Corporate Access: Should Investors Really be Paying for It?
Since 2006 the U.K.’s Financial Services Authority (FSA) has limited investment managers’ use of dealing commissions to the purchase of trade execution and research services. More than six years later it would appear that not everybody has been abiding by these rules; the FSA is shining a spotlight on the opacity surrounding who pays whom, and what they are being paid for, in the non-transparent world of corporate access.
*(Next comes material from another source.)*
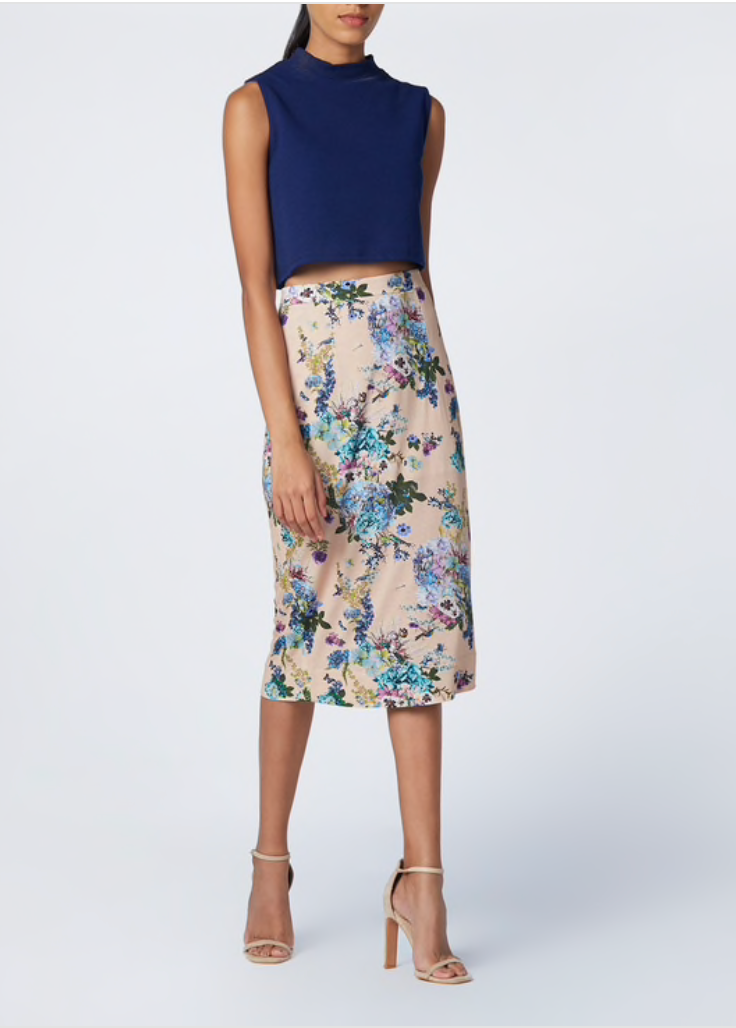 House Of Three's floral pencil skirt for womens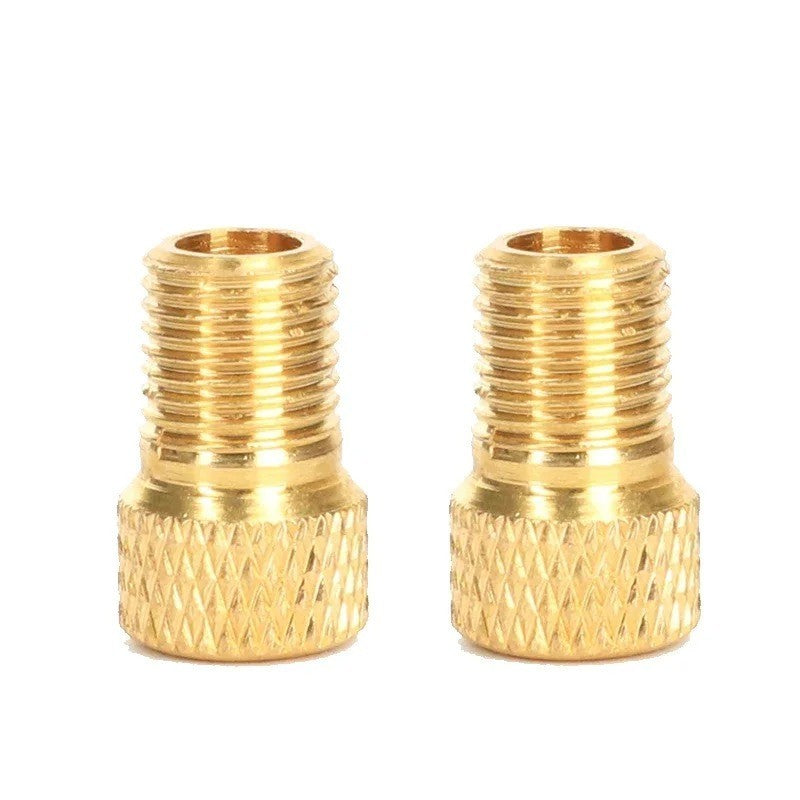 Presta to Schrader Valve Adapter for Bicycle Pump - Copper Golden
Under FSA rules, asset managers and investment banks can charge for the cost of making a deal and for research but not for setting up face-to-face meetings. The FSA probe into research costs is part of a broader investigation into how asset managers look after their clients’ money. On 9 November 2012, the FSA published the Dear CEO letter and report Conflicts of interest between asset managers and their customers: Identifying and mitigating the risks. This letter follows the FSA’s reviews of asset management firms carried out from June 2011 to February 2012 focusing on assessing firms’ arrangements for managing conflicts of interest. These reviews were prompted by evidence that some firms no longer saw conflicts of interest as a key source of potential detriment to their customers and that they had in fact relaxed controls that were considered to be well-established market norms. The report suggested that conflicts were widespread, with asset managers failing to meet requirements on disclosing commission payments, as well as using customers’ money to purchase research and execution services without checking that they were eligible to be paid for in that manner. The FSA also wrote that in some cases buy-side firms were unable to demonstrate how corporate access constituted research or execution services.
Corporate access has been a growing trend as analysts and fund managers become more pressured to find an informational advantage, and they seek better and deeper knowledge for their research, as well as seek to engage and further improve fund and issuer performances. Although the figures appear high, the 2012 Thomson Reuters Extel Survey shows that the proportion of dealing commissions used to pay for corporate access is on an increasing trend rising to 29% in 2012 (from 27% in 2011 and 21% in 2010). As an ex-market participant, I find these corporate access figures hard to believe. It would not be a stretch to assume that these figures are likely to be inflated given that corporate access is a bundled service and does not exist as a single reporting line item in any fund management or brokerage firm.
So change to the business model is more than likely. Concierge-style broker services will become more difficult to charge for, and commissions allocated to corporate access are likely to dramatically decline. Transparency will have to improve. Nonetheless, the opportunity to revisit this topic should be welcomed as we continue to ask why fund managers are being charged for this access to company management in the first place. It would be unusual for large funds to struggle getting face time with management — sadly the same cannot be said for the smaller players. Whilst the FSA is in listening mode, maybe they could read the CFA Institute guidance for ethical practices involving client brokerage. It may just be helpful.